Anjuran 'Germas' untuk melakukan aktivitas fisik (jogging) minimal 30 menit per hari, saya patuhi dengan tepat. Jika mulainya pukul 05.33, maka saya akan berhenti pukul 06.03. Waktunya tidak lebih dan tidak kurang dari 30 menit. Hp menjadi alat bantu penghitung waktu, selain sebagai media hiburan juga.
Kenapa 30 menit ? Saya pikir, itulah waktu ideal berolahraga sesuai hasil penelitian. Tidak mungkin pemerintah (Kemenkes RI) memberikan sebuah anjuran bagi masyarakat tanpa riset praktik terbaik. Bila waktunya kurang, tujuan atau manfaat yang ingin dicapai sulit dicapai. Sebaliknya, bila waktunya berlebihan, justru memberatkan tubuh. Apapun alasannya, yang jelas saya lebih percaya anjuran pemerintah.
***
Jalan pagi hari ini, saya coba mengambil track atau jalan yanh berbeda dari biasanya. Saya mengikuti saran, "Kita tidak akan mendapatkan hasil yang berbeda bila masih melakukan dengan cara yang sama". Nasehat itu saya terapkan dalam berlari. Pengalaman yang berbeda, tidak didapatkan dari track atau alur jogging yang sama. Bosan juga melalui jalan yang sama.
Apa saja yang saya temukan di jalan yang berbeda itu ?
Pertama, saya berpapasan dengan seorang anak perempuan, dari bentuk fisiknya diperkirakan seumuran dengan anak SMP. Dia menggunakan pakaian lusuh, sebuah karung diselempang pada bahunya, sambil menenteng kantong plastik berwarna merah.
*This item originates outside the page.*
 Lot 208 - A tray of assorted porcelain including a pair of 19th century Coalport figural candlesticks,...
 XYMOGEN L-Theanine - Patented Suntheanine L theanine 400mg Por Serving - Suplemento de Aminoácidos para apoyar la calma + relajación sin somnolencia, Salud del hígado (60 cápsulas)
Saat berpapasan, saya tersenyum sebagai bentuk sapaan. Dia membalasnya dengan menunjukkan muka datar, tanpa ekspresi. Pertemuan yang lempeng. Dan saya agak menyesal dia tidak bisa tersenyum sedikitpun. Saya terus perhatikan meski kami sudah berjarak, dia belok ke tempat sampah umum. Ah, akankan dia selalu murung ?
Kedua, saya berpapasan dengan seorang ibu bersama anak perempuan yang ditaksir berumur sekitar 3 tahun. Keduanya juga sedang melakukan aktivitas jalan pagi. Bagaikan pengobat rasa yang mengganjal sebelumnya, mereka berdua tersenyum, sesaat setelah saya mengumpan senyum sapaan. Bahkan, si anak kecil melambai-lambaikan tangannya. Lucu sekali. Momen yang menggembirakan.
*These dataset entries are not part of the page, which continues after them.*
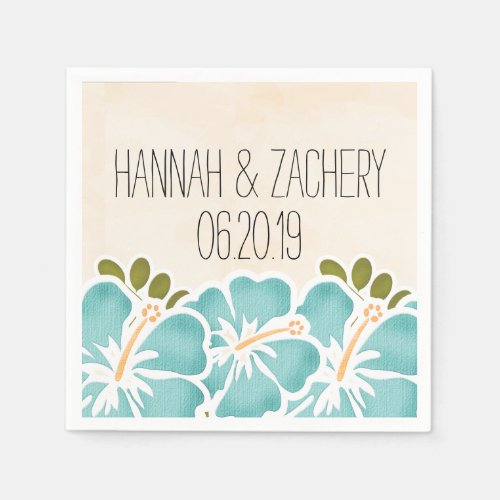 Pool Hibiscus Hawaiian Wedding Paper Napkins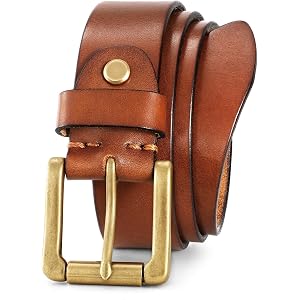 Womens Belts for Jeans 100% Italian Full Grain Leather Belt In Gilf Box | 1.2" Wide Comfortable Durable Cowhide Leather Belt,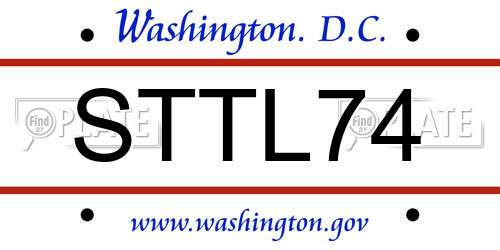 STTL74 District Of Columbia License Plate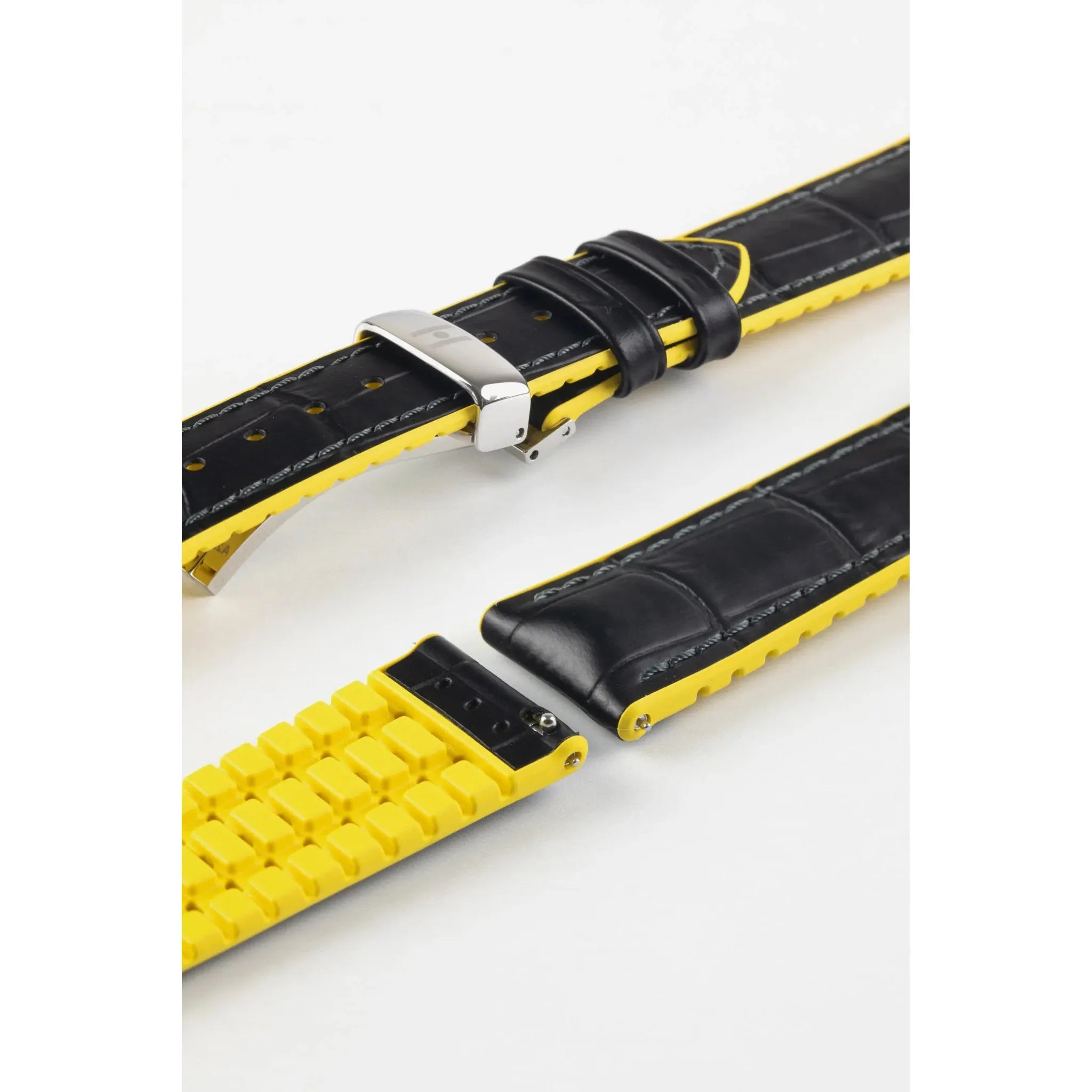 Black &amp; Yellow HIRSCH ANDY Performance Alligator Embossed Calfskin Watch Band 092 72 28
Ketiga, saya perhatikan rumah-rumah. Dulu, rumah di perumahan ini berbentuk dan berukuran sama. Pemiliknya kemudian mengubah sesuai keinginan, ada yang ditamah ke samping, depan, belakang dan ke atas. Hasilnya, tidak ada lagi yang sama persis, baik bentuk mapun ukurannya. Meski begitu, semuanya tampak baik.
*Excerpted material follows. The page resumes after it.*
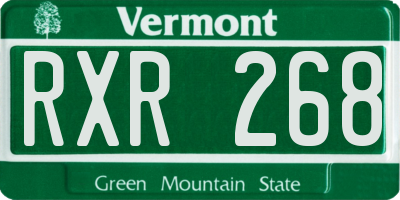 VT license plate RXR268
Setiap orang itu unik. Pilihan mereka berbeda-beda. Sulit rasanya menilai yang satu paling benar atau bagus, sedangkan yang lainnya tidak benar atau jelek. Jika dipaksakan untuk tetap menilai seperti itu, selain tidak mendapatkan jawaban yang memuaskan, juga tidak menentramkan jiwa. Perbedaan ini, baiknya bila kita nikmati saja, tanpa harus bertanya kenapa begini dan begitu.